The goal is that by the time you're done reading this chapter, nothing in a blockchain feels mysterious. After this, we zoom out again and talk about what the production systems do differently — and why.

Ground rules for the toy

We are going to cheat in a handful of places, deliberately and clearly, so the code stays small:

  • We use SHA-256 for hashing and the standard library's ecdsa-free hashlib — but we'll swap in a real signature scheme from cryptography (a well-maintained library) for transactions, because hand-rolling elliptic curves in a tutorial is a bad plan.
  • We ignore networking. The "chain" is a single Python object. Peer gossip, mempool propagation, and fork detection across a network are important, but they are engineering on top of the ideas we're showing, not the ideas themselves.
  • Our Proof of Work is real (SHA-256 with a difficulty target), but the difficulty is low so it mines in milliseconds. Adjusting it to mainnet-scale is a one-line change.
  • Fees, UTXOs, and smart contracts don't exist here.

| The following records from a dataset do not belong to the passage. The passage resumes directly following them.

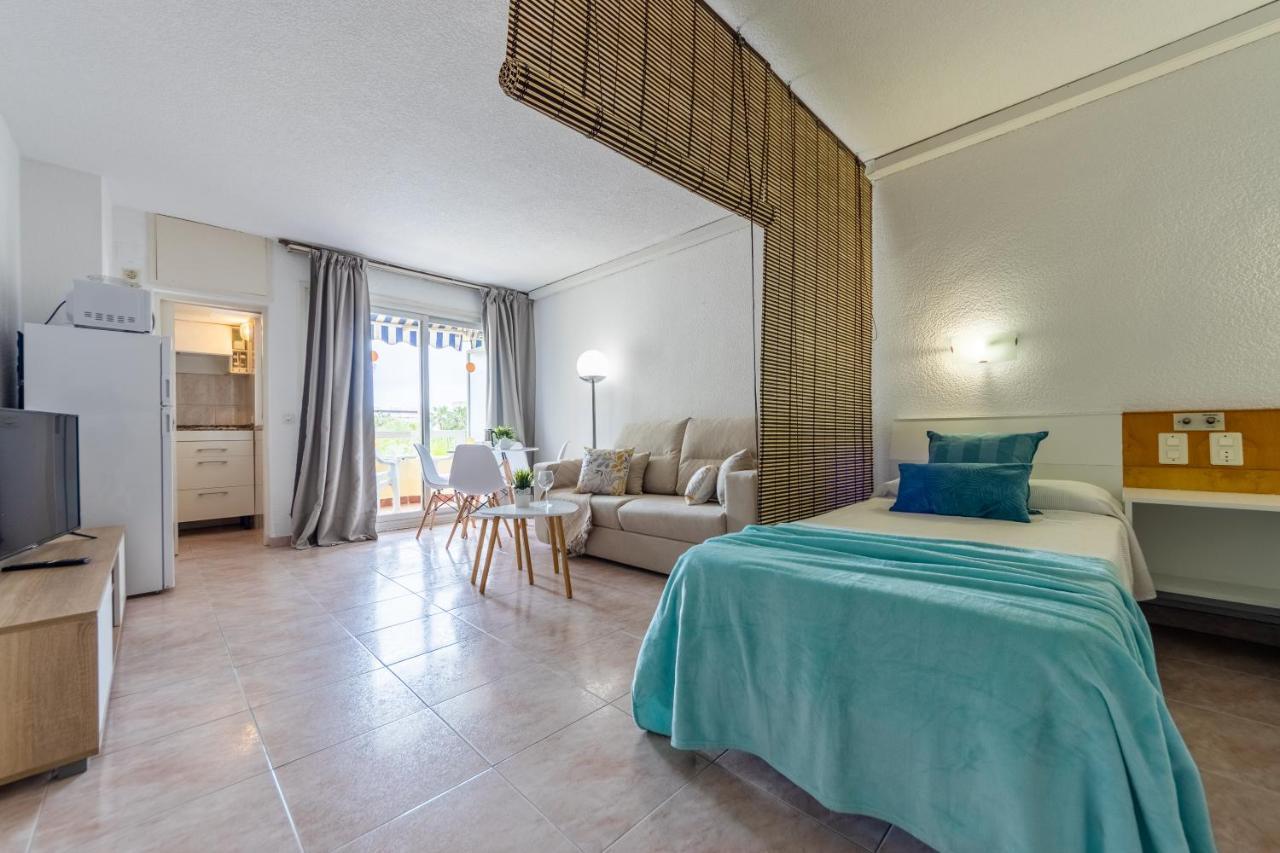 Apartamentos Alboran-Arysal Salou Zewnętrze zdjęcie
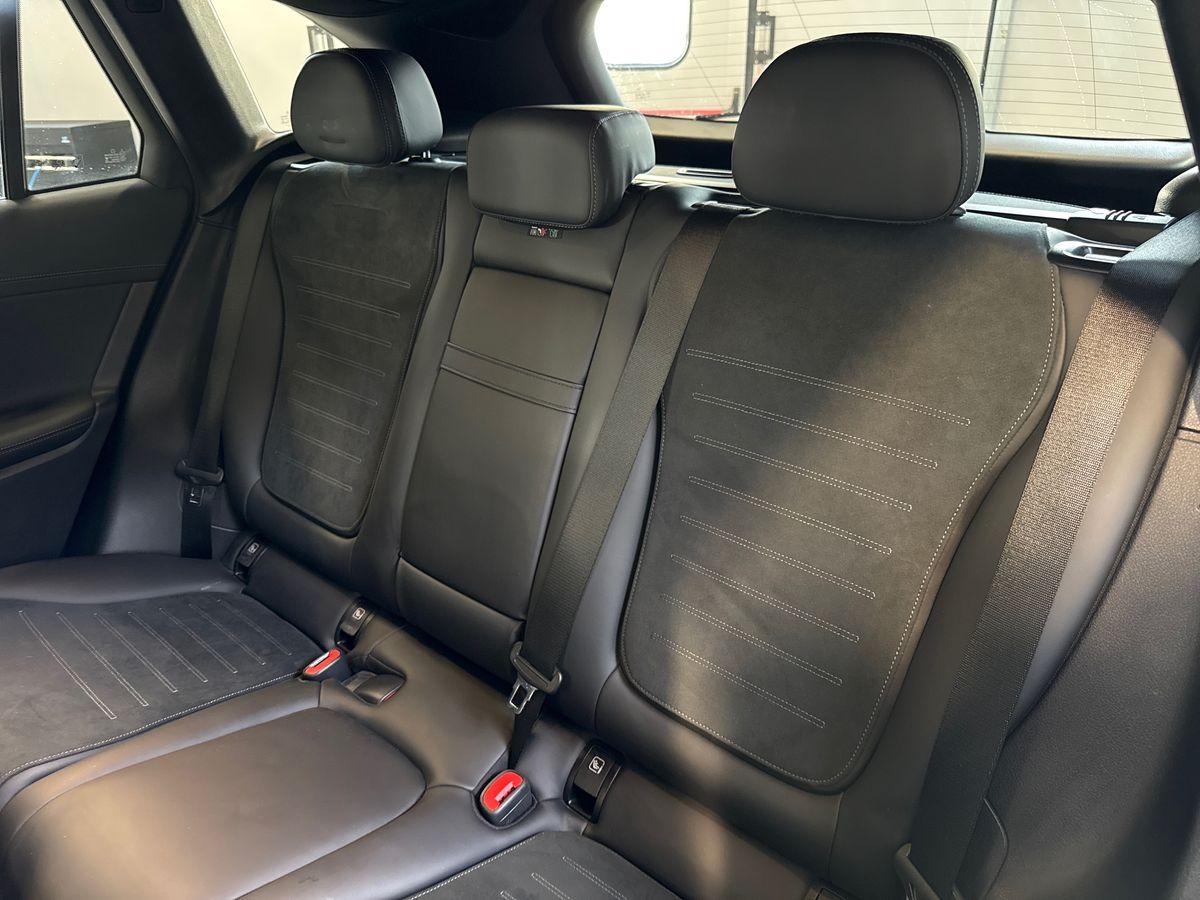 GLC 220 d AMG Premium 4matic auto - Certified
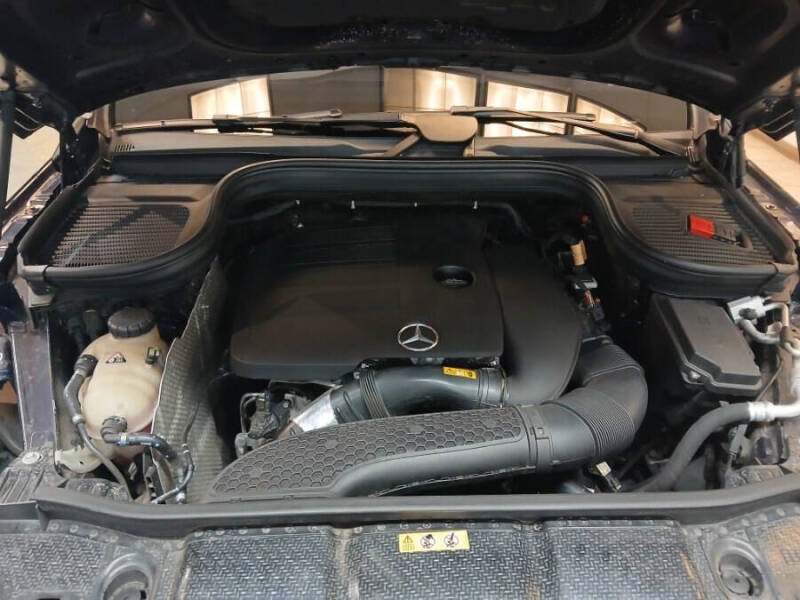 2022 Mercedes-Benz GLE GLE 350 4MATIC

We model account balances as a dict, which is closer to Ethereum's state model than to Bitcoin's UTXO model, but simpler than either.

None of the cheats change the fundamental mechanics. They just let us ship 120 lines instead of 2,000.

The code

Save this as tinychain.py. You'll need the cryptography library: pip install cryptography.

# tinychain.py — a minimal pedagogical blockchain.
# Not for production. Not audited. Runs in a second.

from __future__ import annotations
import hashlib, json, time
from dataclasses import dataclass, field, asdict
from typing import List, Optional
from cryptography.hazmat.primitives.asymmetric import ed25519
from cryptography.hazmat.primitives import serialization
from cryptography.exceptions import InvalidSignature

# ---------- crypto helpers ----------

def sha256(b: bytes) -> bytes:
    return hashlib.sha256(b).digest()

def pk_bytes(pk: ed25519.Ed25519PublicKey) -> bytes:
    return pk.public_bytes(serialization.Encoding.Raw,
                           serialization.PublicFormat.Raw)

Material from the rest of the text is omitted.